What to work on: Images are to be skipped; everything else in the records must be repeated exactly.

Data supplied:
:::::
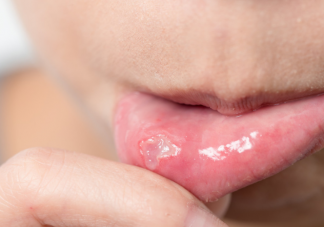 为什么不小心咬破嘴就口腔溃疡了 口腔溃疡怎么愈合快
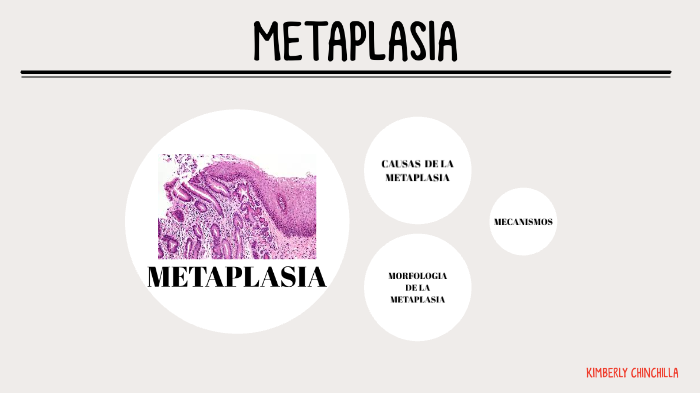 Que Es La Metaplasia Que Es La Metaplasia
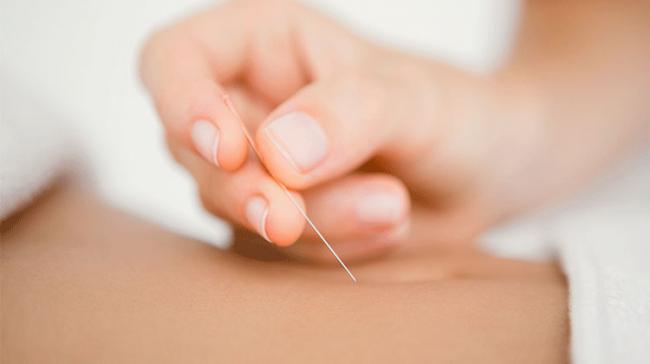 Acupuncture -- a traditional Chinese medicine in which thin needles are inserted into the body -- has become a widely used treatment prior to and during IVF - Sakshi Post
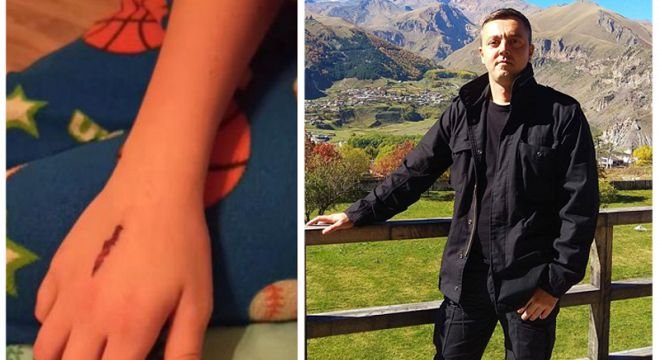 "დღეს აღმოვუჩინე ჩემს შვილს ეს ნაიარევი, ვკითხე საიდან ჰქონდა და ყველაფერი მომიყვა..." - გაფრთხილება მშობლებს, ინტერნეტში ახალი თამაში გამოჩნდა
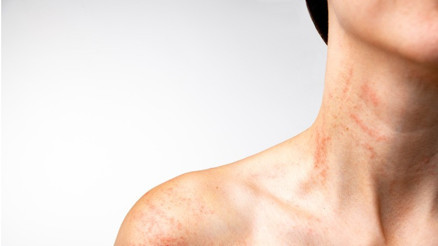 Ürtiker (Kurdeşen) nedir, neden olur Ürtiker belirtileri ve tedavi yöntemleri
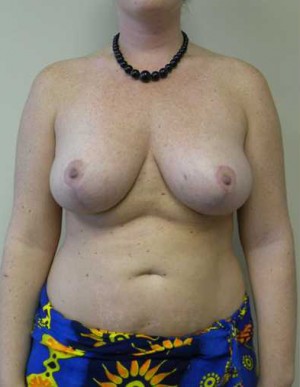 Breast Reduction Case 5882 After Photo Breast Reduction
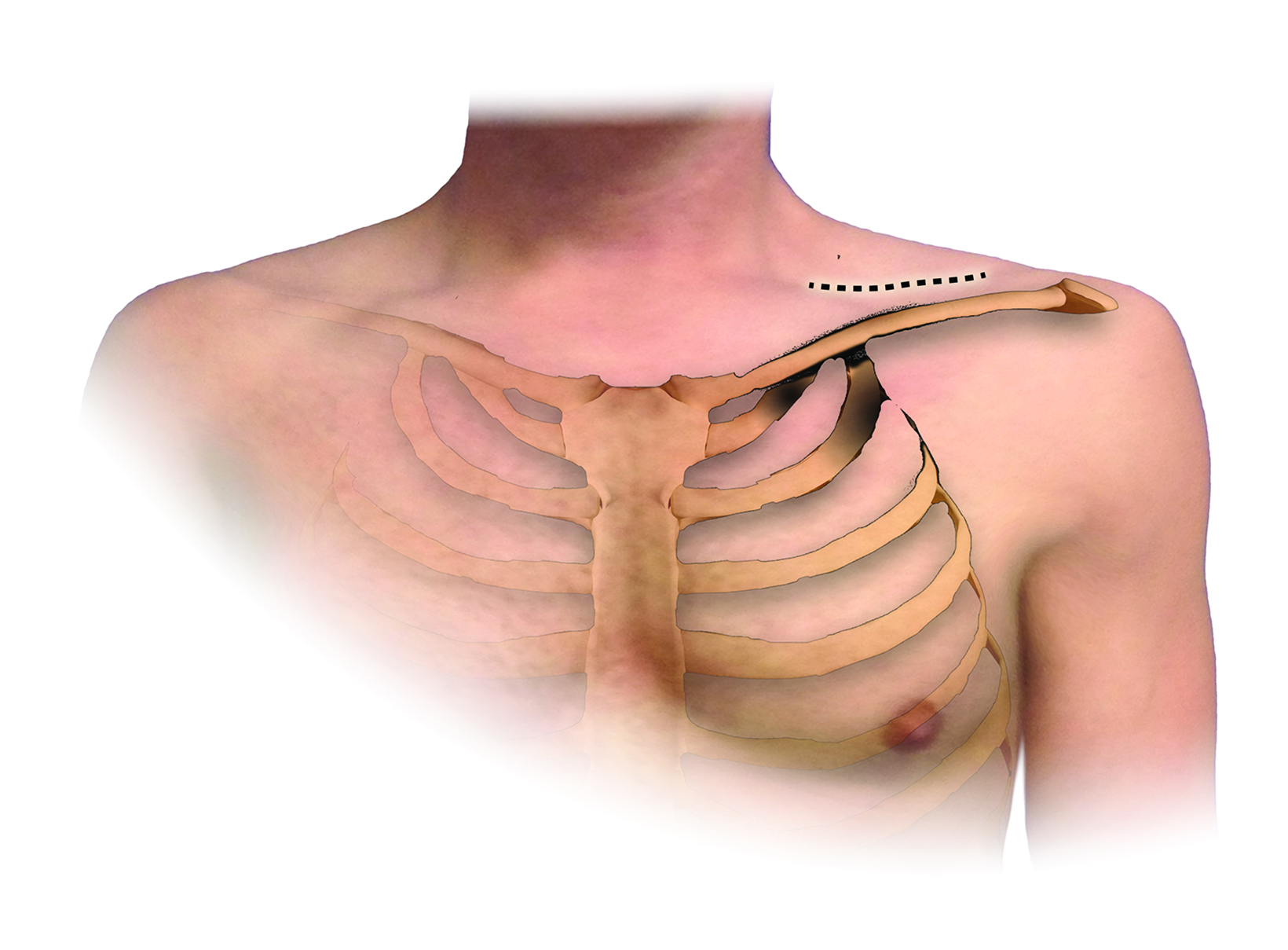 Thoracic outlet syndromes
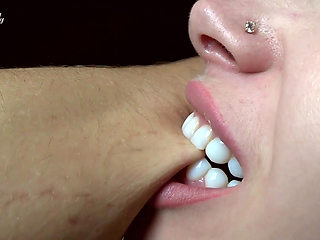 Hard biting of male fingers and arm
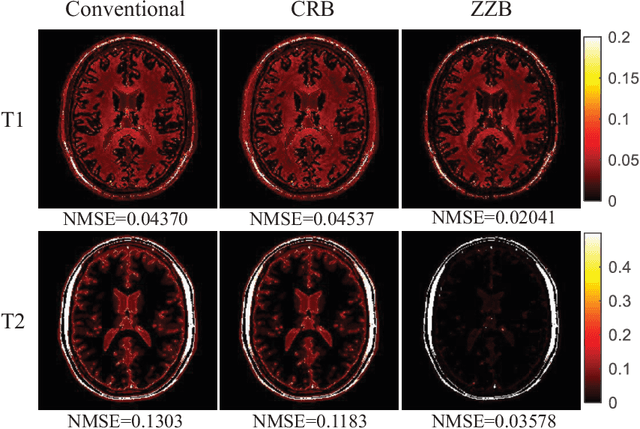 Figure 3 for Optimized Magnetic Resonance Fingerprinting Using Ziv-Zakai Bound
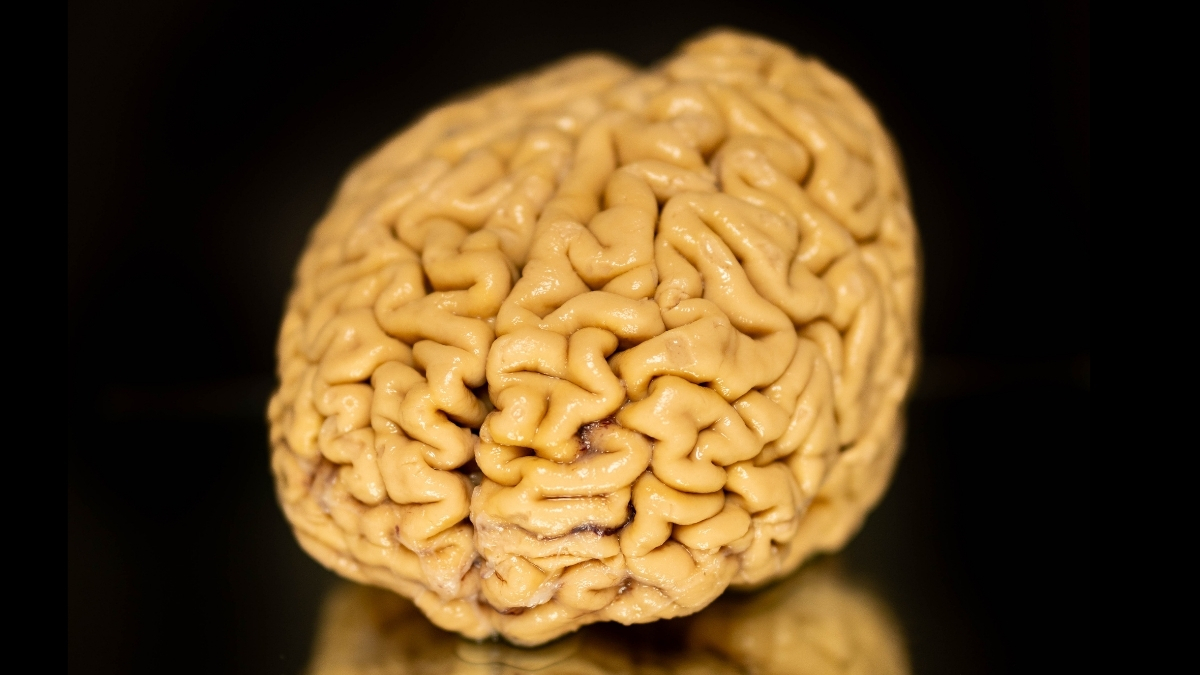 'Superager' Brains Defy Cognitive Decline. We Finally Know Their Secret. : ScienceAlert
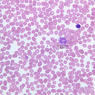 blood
:::::
Answer to the problem:
 为什么不小心咬破嘴就口腔溃疡了 口腔溃疡怎么愈合快
 Que Es La Metaplasia Que Es La Metaplasia
 Acupuncture -- a traditional Chinese medicine in which thin needles are inserted into the body -- has become a widely used treatment prior to and during IVF - Sakshi Post
 "დღეს აღმოვუჩინე ჩემს შვილს ეს ნაიარევი, ვკითხე საიდან ჰქონდა და ყველაფერი მომიყვა..." - გაფრთხილება მშობლებს, ინტერნეტში ახალი თამაში გამოჩნდა
 Ürtiker (Kurdeşen) nedir, neden olur Ürtiker belirtileri ve tedavi yöntemleri
 Breast Reduction Case 5882 After Photo Breast Reduction
 Thoracic outlet syndromes
 Hard biting of male fingers and arm
 Figure 3 for Optimized Magnetic Resonance Fingerprinting Using Ziv-Zakai Bound
 'Superager' Brains Defy Cognitive Decline. We Finally Know Their Secret. : ScienceAlert
 blood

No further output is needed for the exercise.